The authorities were closely working with their computer security provider to determine the entity of the issue and to swiftly move into fixing it as soon as possible.
Judith Hetherington-Smith – Chief information officer – declared that only a small number of files were actually affected, raising hopes for a prompt solution to the situation. The security measures taken included, firstly, the identification of the malware and the consequent shutting down of all the computer systems affected.
This decision caused disruptions to other services provided by the Council, such as libraries and online booking systems. For four consecutive days people had to go back in time – more than twenty years or so – and use pens and paper.
According to the CIO, the attack happened quickly. The reaction from the authorities was nevertheless prompt and punctual, yet some damages were still inflicted before it was finally possible to shut the whole of the network down. Some files had in fact been locked by the software and IT technicians were looking into restoring them from the back-up.
Lincolnshire County Council has expressed its hope that everything would go back to normal within this week: systems will resume where they left off. Possibly.

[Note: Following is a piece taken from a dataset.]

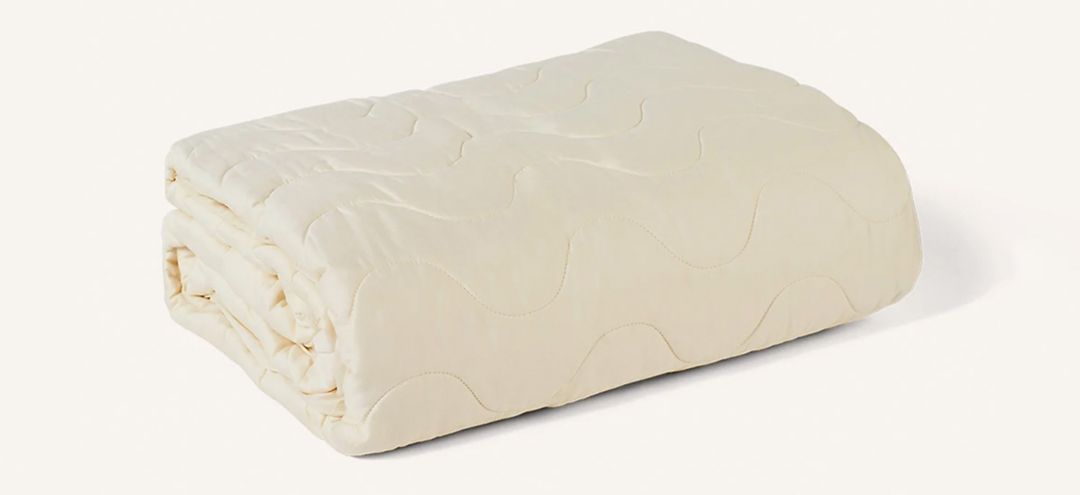 496288090 Birch Organic Mattress Pad sku 496288090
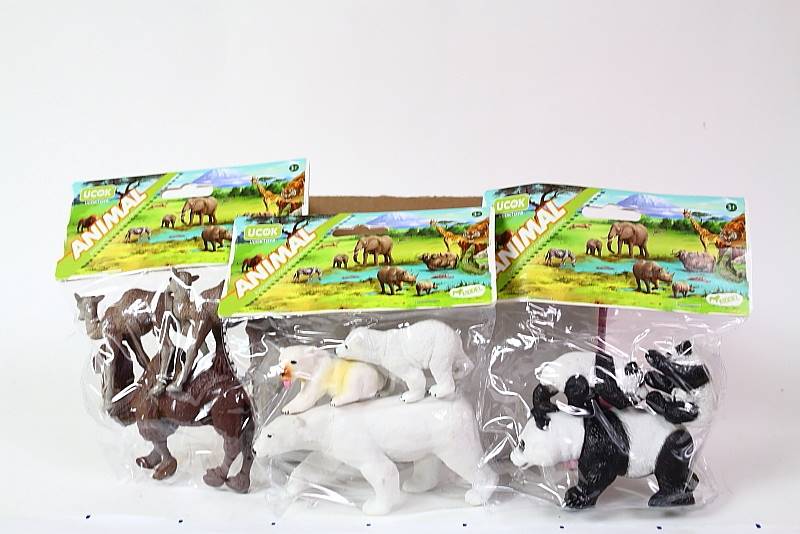 ZESTAW ZWIERZĄT 79953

The ransomware has already been labelled as “the biggest attack” the English Council had ever experienced; moreover, it was not only a first impact-wise but it was also a “zero-day malware”, a definition that applies to all those kinds of malware that were previously unknown to security experts.

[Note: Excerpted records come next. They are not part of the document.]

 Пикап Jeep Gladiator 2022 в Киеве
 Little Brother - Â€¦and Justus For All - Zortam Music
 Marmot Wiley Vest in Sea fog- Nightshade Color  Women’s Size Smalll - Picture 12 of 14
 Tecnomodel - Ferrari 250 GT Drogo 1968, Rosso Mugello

In any case, the authorities were happy with the security measure appropriately put in place and expressed its annoyance to the Council being the first unfortunate victim of this type of malware.
Lincolnshire Police has confirmed that the attack was under investigation in order to get more useful insight and info about it.
The Information Commissioner’s Office – responsible for putting into practice the Data Protection Act 1998, confirmed its awareness about the incident.